Iodide modulation of the EDTA-induced iodine reductase activity of horseradish peroxidase by interaction at or near the EDTA-binding site.

Abstract

Horseradish peroxidase (HRP) catalyses the reduction of iodinium ion (I+) to iodide by H2O2 in the presence of EDTA. I+ reduction occurs optimally at pH 6 whereas the enzyme catalyses iodide oxidation optimally at pH 3.5. Thus the two activities reside on the same enzyme with two characteristic pH optima. Iodide modulates the expression of the reductase activity by EDTA. Higher concentrations of iodide inhibit the reductase activity by EDTA. Nitrite, an electron donor, acts similarly to iodide. Both EDTA and nitrite competitively inhibit iodide oxidation, indicating that they compete with iodide for the same binding site for electron flow to the haem iron group. However, unlike iodide, EDTA converts compound I, not into the native enzyme, but into a compound absorbing at 416 nm which reduces I+ and then returns to the native form. The apparent equilibrium dissociation constant, KD, for the formation of the EDTA-HRP complex (15 mM) is doubled in the presence of iodide, indicating interference with EDTA binding by iodide.

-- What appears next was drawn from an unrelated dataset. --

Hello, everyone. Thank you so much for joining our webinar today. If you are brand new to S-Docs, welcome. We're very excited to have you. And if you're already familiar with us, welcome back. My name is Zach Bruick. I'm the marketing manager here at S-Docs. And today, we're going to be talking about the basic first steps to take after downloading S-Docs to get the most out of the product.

EDTA binds away from the haem iron centre and not through intramolecular Ca2+. The pH-dependence of EDTA binding indicates that an ionizable group of the enzyme with pKa 5.8, presumably a distal histidine, controls the binding. The data suggest that iodide competes with EDTA for compound I and modulates the iodine reductase activity by limiting the formation of the 416 nm-absorbing active compound.